Turner Clayton A, Jacobs Alexander D, Marques Cassios K, Oates James C, Kamen Diane L, Anderson Paul E, Obeid Jihad S
Department of Computer Science, College of Charleston, 66 George Street, Charleston, 29424, USA.
Department of Public Health Sciences, Medical University of South Carolina, 135 Cannon Street, Charleston, 29425, USA.
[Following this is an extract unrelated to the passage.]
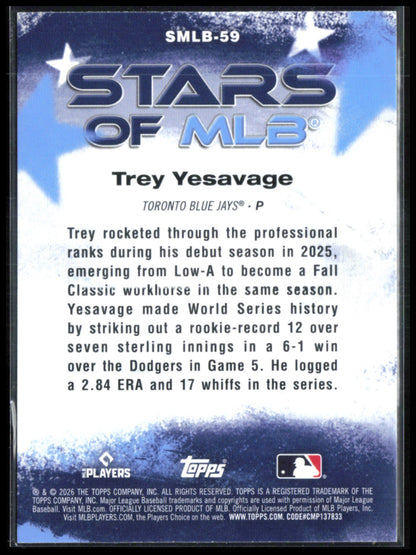 Trey Yesavage RC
BMC Med Inform Decis Mak. 2017 Aug 22;17(1):126. doi: 10.1186/s12911-017-0518-1.
Identifying patients with certain clinical criteria based on manual chart review of doctors' notes is a daunting task given the massive amounts of text notes in the electronic health records (EHR). This task can be automated using text classifiers based on Natural Language Processing (NLP) techniques along with pattern recognition machine learning (ML) algorithms. The aim of this research is to evaluate the performance of traditional classifiers for identifying patients with Systemic Lupus Erythematosus (SLE) in comparison with a newer Bayesian word vector method.
We obtained clinical notes for patients with SLE diagnosis along with controls from the Rheumatology Clinic (662 total patients). Sparse bag-of-words (BOWs) and Unified Medical Language System (UMLS) Concept Unique Identifiers (CUIs) matrices were produced using NLP pipelines. These matrices were subjected to several different NLP classifiers: neural networks, random forests, naïve Bayes, support vector machines, and Word2Vec inversion, a Bayesian inversion method. Performance was measured by calculating accuracy and area under the Receiver Operating Characteristic (ROC) curve (AUC) of a cross-validated (CV) set and a separate testing set.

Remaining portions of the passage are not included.